IdOp · #15 **(View Single Post)** 27th April 2010

Quote:

Originally Posted by TerryP

... brought a smile to this programmers heart.

heheh, thanks, glad you enjoyed it TerryP.

Quote:

It only ads two delemas: [*]First that although doing that algorithm is not likely to be hard, it is more naturally done using hashes (as in ksh) then the usual portable sh trick of treating a scalar $variable as a list of words: which can be manipulated using filters and variable=`assignments` (or $() if a modern sh is guaranteed: older sh's only supported ``). Lisp is quite a bit better at list processing then generic shell scripting.

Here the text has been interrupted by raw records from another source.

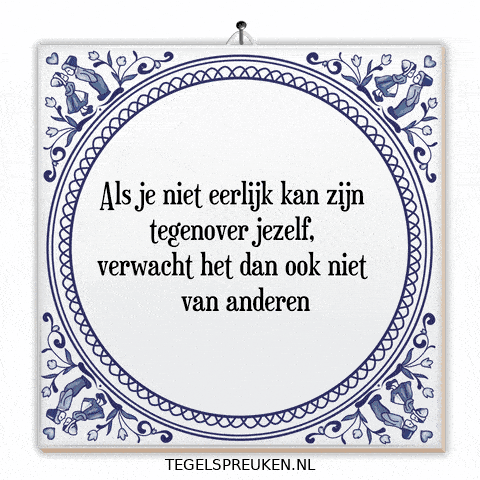 Respect Spreuk GIF by Tegelspreuken.nl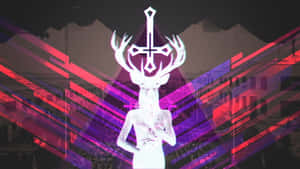 Abstract Satanic Symbol Artwork Wallpaper
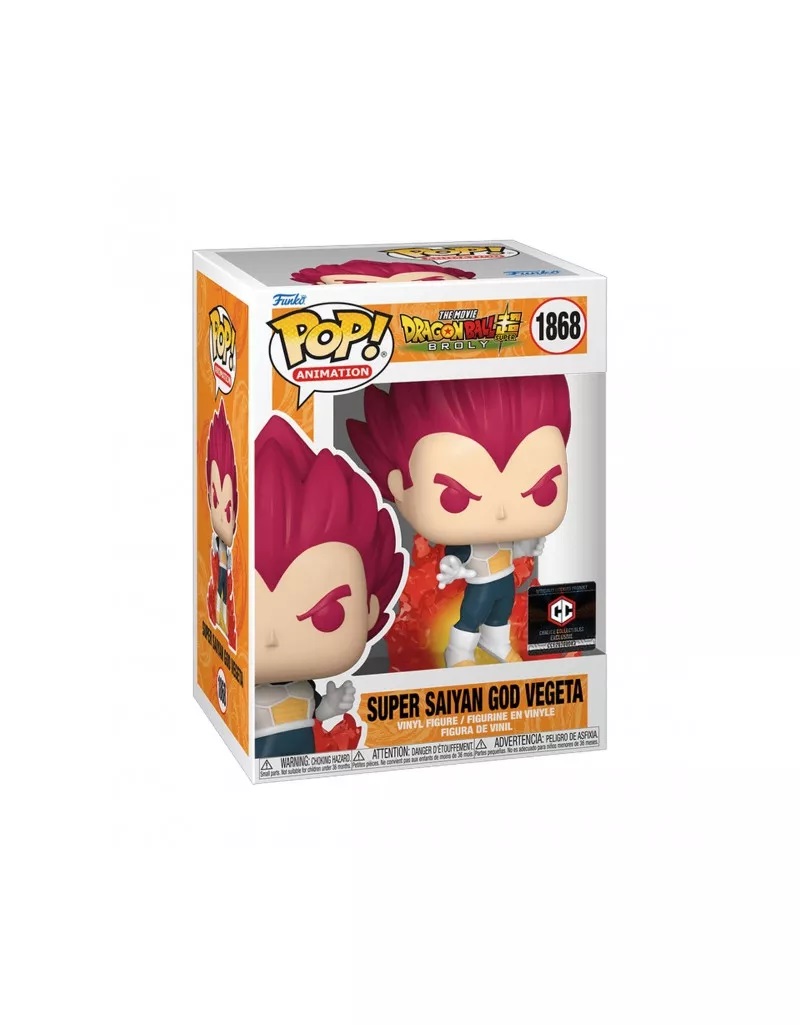 FUNKO POP Dragon Ball Super Broly Vegeta SSG 1868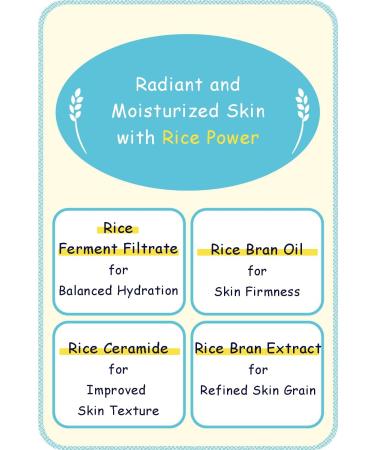 Rice face mask for Keana Nadeshiko Dry skin Moisturizing Firmness Elasticity - Buy Online on GoSupps.com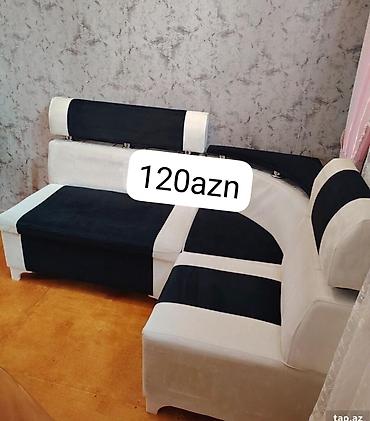 Mətbəx divanı – L formalı, iki rəngli (qara–ağ) dizayn. - Yumşaq lalafo.az -da Mətbəx divanı – L formalı, iki rəngli (qara–ağ) dizayn. - Yumşaq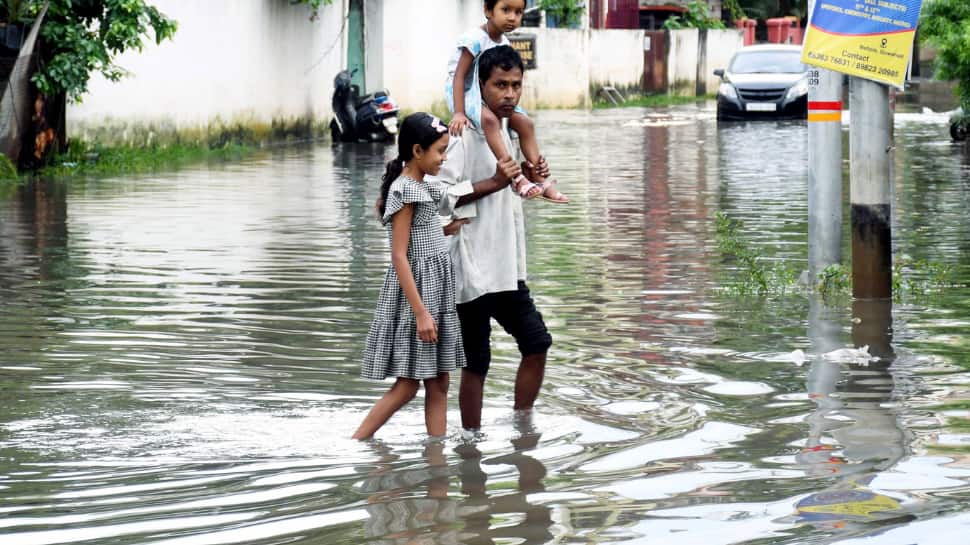 Weather Update: Heavy Rains Force School Closures, Flood Alerts Issued In Several States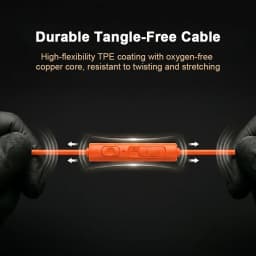 Wired Headphones For ios Android In Ear Earphones HiFi Surround Sound USB Type C Music Gaming Earplugs For iPhone 17 Pro Samsung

I'm not too familiar with that aspect of ksh, nor am I awake enough to absorb all of this comment at the moment; also I didn't think much about how to do it. That said, one vague thought was to put the output of the size step into a file, suitably formatted for easy use by the second md5 step. The file is probably cached by the OS anyway, and this is probably a case where the algorithm is more important than the hardware. I guess you might also do something recursively, which maybe is included in your view?

Quote:

[*]Second is an obvious race condition that can cause files not to be deleted. I.e. if all files of size X have been enqueued for checksuming, and something/someone creates another file of size X at the right point in time, it can be done in such a way that it won't be checksumed along with its older peers.

Wouldn't that kind of problem by there anyway? Someone could create or delete a file while find was looking over the tree, say? Just a thought, I don't know nearly enough about such things to be sure. Of course, adding a second step might make the problem worse, yet if the whole thing is faster than a lengthy md5sum on the tree ... but, yes, if such problems exist then it's caveat emptor to the script user.

Quote:

For Vermdens purposes, I reckon such concerns are likely of esoteric value only: but the file size driven skip list idea is a great idea.

Thanks again, I'm glad if it seems like a good idea.